[PATCH v4 00/19] mm, swap: swap table phase II: unify swapin use swap cache and cleanup flags

linux-mm.kvack.org archive mirror
 help / color / mirror / Atom feed

From: Kairui Song <ryncsn@gmail.com>
To: linux-mm@kvack.org
Cc: Andrew Morton <akpm@linux-foundation.org>,
	Baoquan He <bhe@redhat.com>,  Barry Song <baohua@kernel.org>,
	Chris Li <chrisl@kernel.org>,  Nhat Pham <nphamcs@gmail.com>,
	Yosry Ahmed <yosry.ahmed@linux.dev>,
	 David Hildenbrand <david@kernel.org>,
	Johannes Weiner <hannes@cmpxchg.org>,
	 Youngjun Park <youngjun.park@lge.com>,
	Hugh Dickins <hughd@google.com>,
	 Baolin Wang <baolin.wang@linux.alibaba.com>,
	 Ying Huang <ying.huang@linux.alibaba.com>,
	 Kemeng Shi <shikemeng@huaweicloud.com>,
	 Lorenzo Stoakes <lorenzo.stoakes@oracle.com>,
	 "Matthew Wilcox (Oracle)" <willy@infradead.org>,
	 linux-kernel@vger.kernel.org, Kairui Song <kasong@tencent.com>,
	 linux-pm@vger.kernel.org,
	"Rafael J. Wysocki (Intel)" <rafael@kernel.org>
Subject: [PATCH v4 00/19] mm, swap: swap table phase II: unify swapin use swap cache and cleanup flags
Date: Fri, 05 Dec 2025 03:29:08 +0800	[thread overview]
Message-ID: <20251205-swap-table-p2-v4-0-cb7e28a26a40@tencent.com> (raw)

This series removes the SWP_SYNCHRONOUS_IO swap cache bypass swapin code and
special swap flag bits including SWAP_HAS_CACHE, along with many historical
issues. The performance is about ~20% better for some workloads, like
Redis with persistence. This also cleans up the code to prepare for
later phases, some patches are from a previously posted series.

Swap cache bypassing and swap synchronization in general had many
issues. Some are solved as workarounds, and some are still there [1]. To
resolve them in a clean way, one good solution is to always use swap
cache as the synchronization layer [2]. So we have to remove the swap
cache bypass swap-in path first. It wasn't very doable due to
performance issues, but now combined with the swap table, removing
the swap cache bypass path will instead improve the performance,
there is no reason to keep it.

Now we can rework the swap entry and cache synchronization following
the new design. Swap cache synchronization was heavily relying on
SWAP_HAS_CACHE, which is the cause of many issues. By dropping the usage
of special swap map bits and related workarounds, we get a cleaner code
base and prepare for merging the swap count into the swap table in the
next step.

And swap_map is now only used for swap count, so in the next phase,
swap_map can be merged into the swap table, which will clean up more
things and start to reduce the static memory usage. Removal of
swap_cgroup_ctrl is also doable, but needs to be done after we also
simplify the allocation of swapin folios: always use the new
swap_cache_alloc_folio helper so the accounting will also be managed by
the swap layer by then.

Test results:

Redis / Valkey bench:
=====================

Testing on a ARM64 VM 1.5G memory:
Server: valkey-server --maxmemory 2560M
Client: redis-benchmark -r 3000000 -n 3000000 -d 1024 -c 12 -P 32 -t get

        no persistence              with BGSAVE
Before: 460475.84 RPS               311591.19 RPS
After:  451943.34 RPS (-1.9%)       371379.06 RPS (+19.2%)

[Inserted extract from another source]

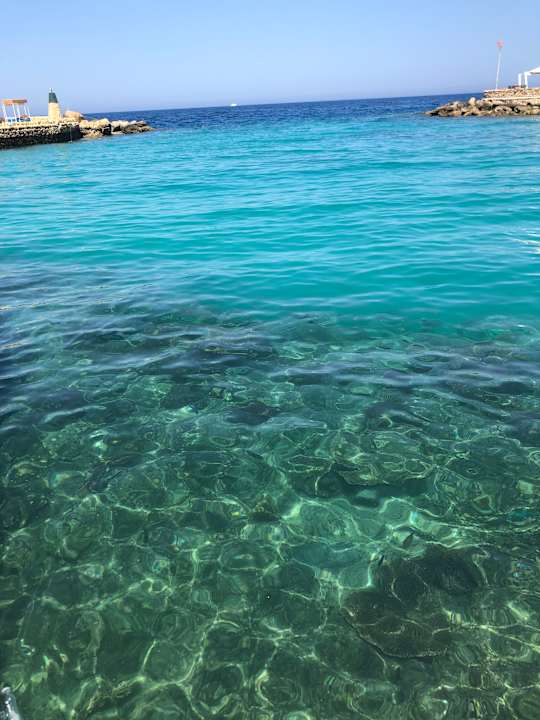 Strand Pickalbatros Citadel Resort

Testing on a x86_64 VM with 4G memory (system components takes about 2G):
Server:
Client: redis-benchmark -r 3000000 -n 3000000 -d 1024 -c 12 -P 32 -t get

        no persistence              with BGSAVE
Before: 306044.38 RPS               102745.88 RPS
After:  309645.44 RPS (+1.2%)       125313.28 RPS (+22.0%)

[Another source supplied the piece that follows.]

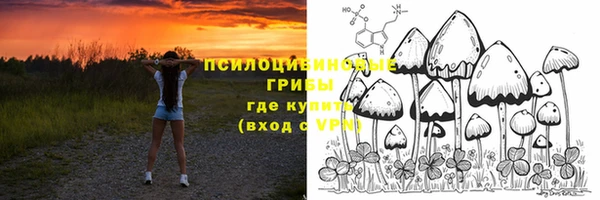 мдпв Елабуга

The performance is a lot better when persistence is applied. This should
apply to many other workloads that involve sharing memory and COW. A
slight performance drop was observed for the ARM64 Redis test: We are
still using swap_map to track the swap count, which is causing redundant
cache and CPU overhead and is not very performance-friendly for some
arches. This will be improved once we merge the swap map into the swap
table (as already demonstrated previously [3]).

vm-scabiity
===========
usemem --init-time -O -y -x -n 32 1536M (16G memory, global pressure,
simulated PMEM as swap), average result of 6 test run:

                           Before:         After:
System time:               282.22s         283.47s
Sum Throughput:            5677.35 MB/s    5688.78 MB/s
Single process Throughput: 176.41 MB/s     176.23 MB/s
Free latency:              518477.96 us    521488.06 us

Which is almost identical.

Build kernel test:
==================
Test using ZRAM as SWAP, make -j48, defconfig, on a x86_64 VM
with 4G RAM, under global pressure, avg of 32 test run:

                Before            After:
System time:    1379.91s          1364.22s (-0.11%)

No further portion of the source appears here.